*** Records shown ***

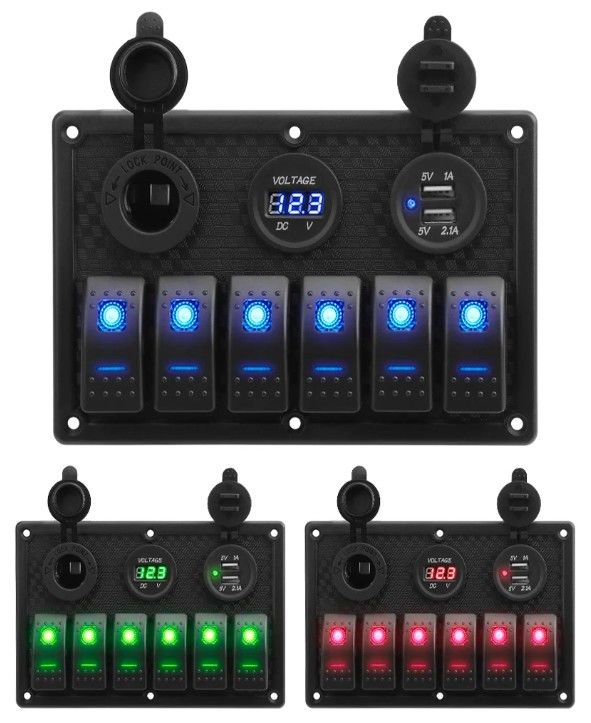 Waterdicht schakelpaneel 6 gang met dubbele USB-aansluiting 3.1A volt meter blauw LED-licht
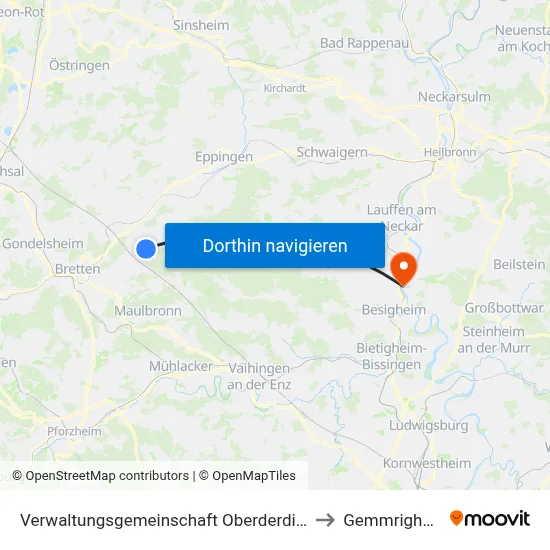Verwaltungsgemeinschaft Oberderdingen to Gemmrigheim map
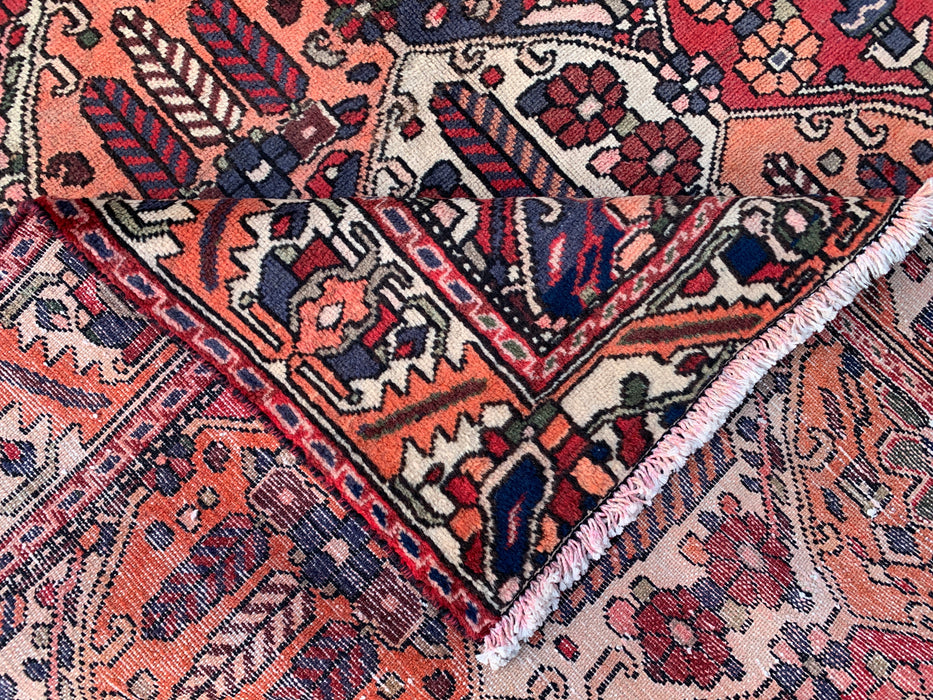 Handgeknoopt Perzisch wollen tapijt 10'0 x 5'6 – Koraal, marineblauw & ivoor | KBHM-1123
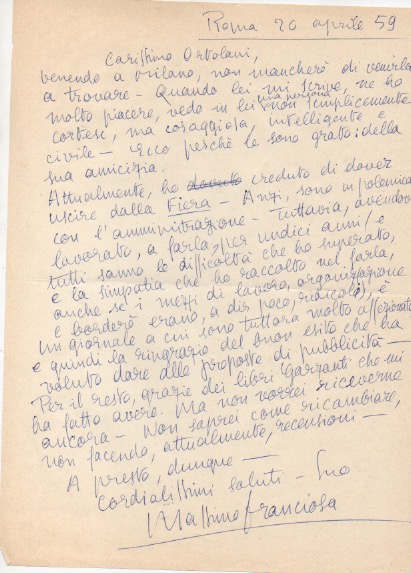 Lettera autografa firmata, datata 20 aprile 1959 - Roma, inviata …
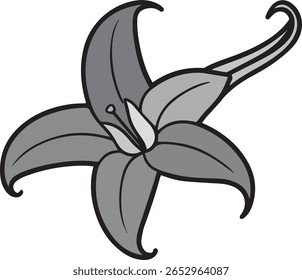 einfache schöne Blume schwarz-weiß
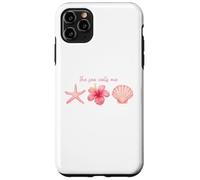 The Sea Calls Me Camicia Rosa Ibisco Stella Marina Conchiglia Art Custodia per iPhone 11 Pro Max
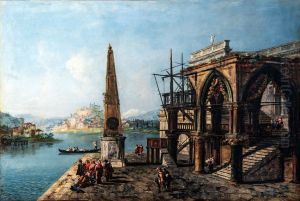 Capriccio con edificio gotico e obelisco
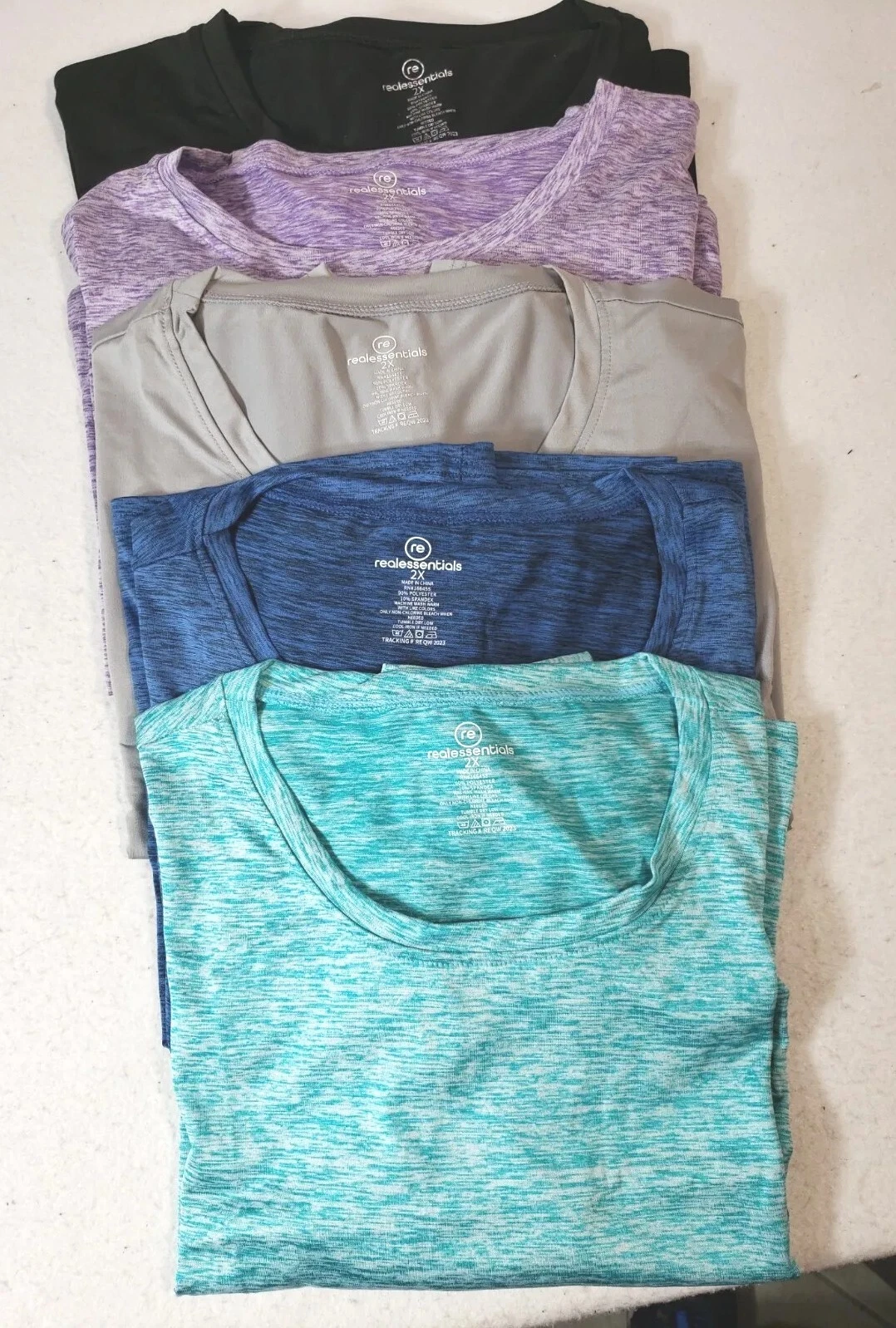 2XL 5 Pk New Ladies Shirts. Polyester Blend Short Sleeve 21" Crop Tops 5 Colors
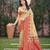 Beige with  red color smart woven designer assam silk saree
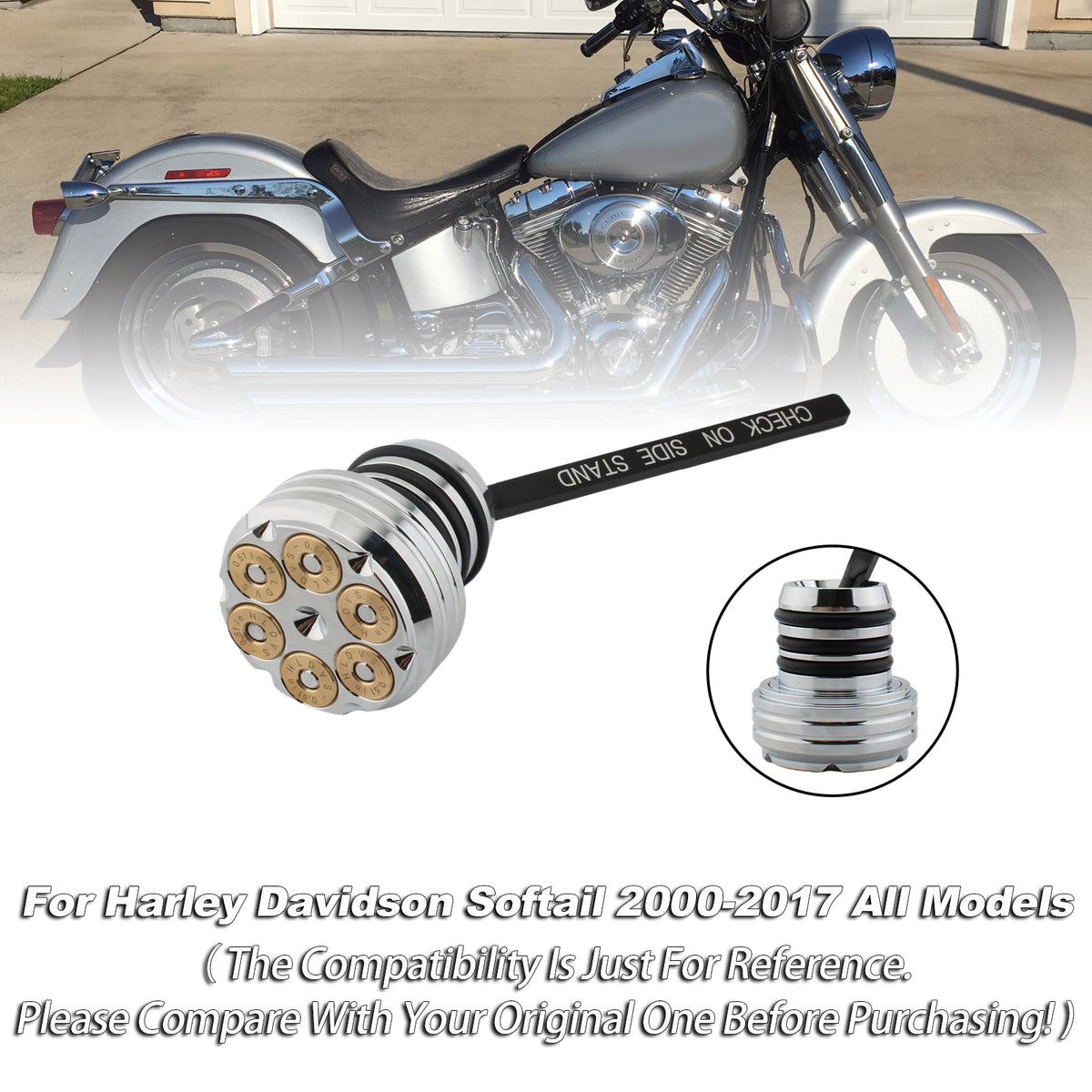 2000-2017 Softail All Models Silver Oil Dipstick Tank Cap Plug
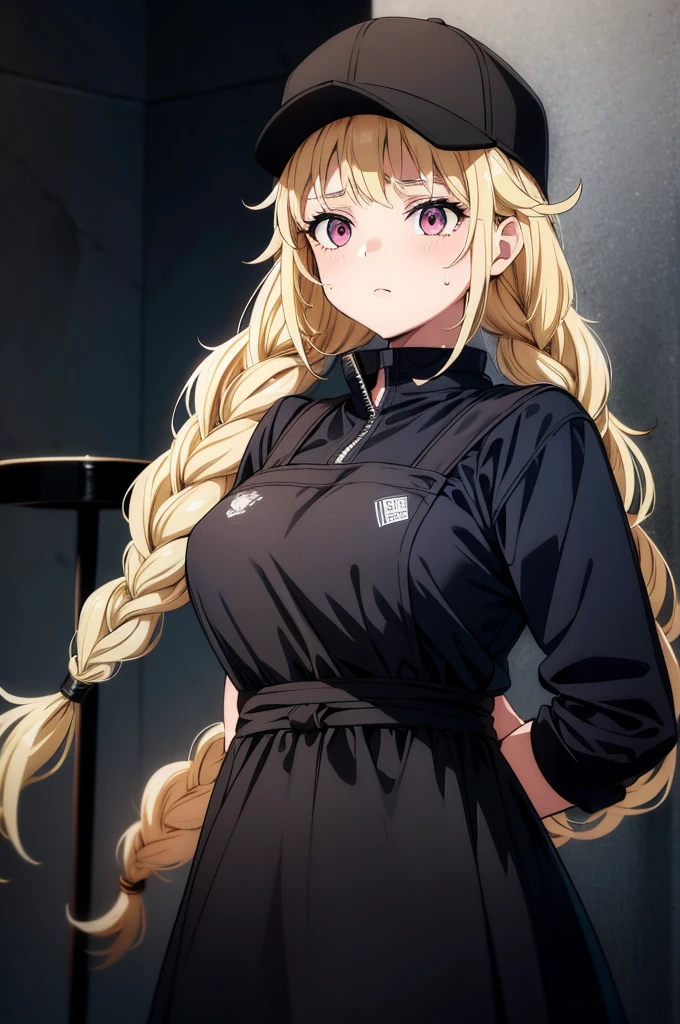(((grayscale)))(masterpiece:1.2, best quality), (graffiti wall:1.15)vibrant colors, female, masterpiece, sharp focus, best quality, depth of field, cinematic lighting, black hair, pink eyes, indoors, apron, blacksmith, muscular, leather apron, multiple weapons, forging, anvil, swords, sweating, ,Eiko Tsukimi, blue eyes, braid, twin braids, (((blonde hair)))), semi long hair,baseball cap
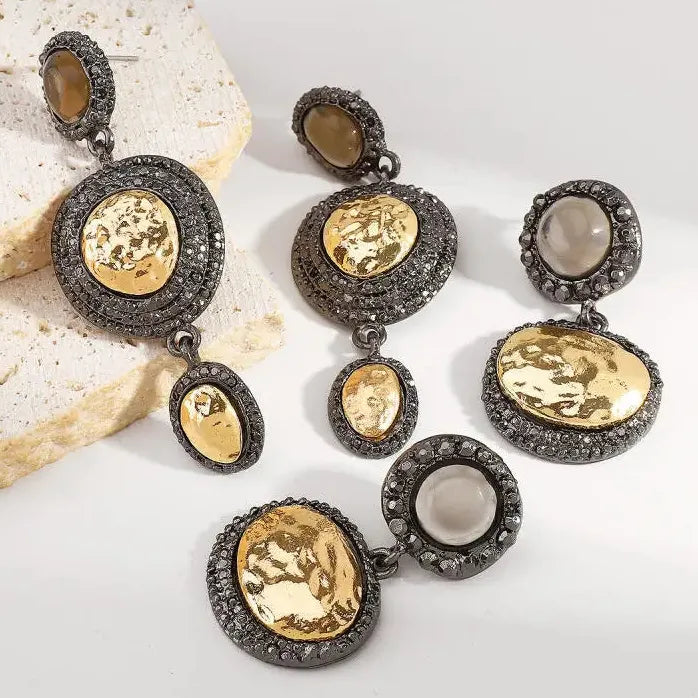 Vintage Black Zircons Oval Geometric Drop Earrings for Women Jewelry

*** End of Records shown ***

Restate the data word for word from its first line through the line with "Lettera autografa firmata, datata", leaving out any picture along the way.

* _Answer to this exercise_
 Waterdicht schakelpaneel 6 gang met dubbele USB-aansluiting 3.1A volt meter blauw LED-licht
Verwaltungsgemeinschaft Oberderdingen to Gemmrigheim map
 Handgeknoopt Perzisch wollen tapijt 10'0 x 5'6 – Koraal, marineblauw & ivoor | KBHM-1123
 Lettera autografa firmata, datata 20 aprile 1959 - Roma, inviata …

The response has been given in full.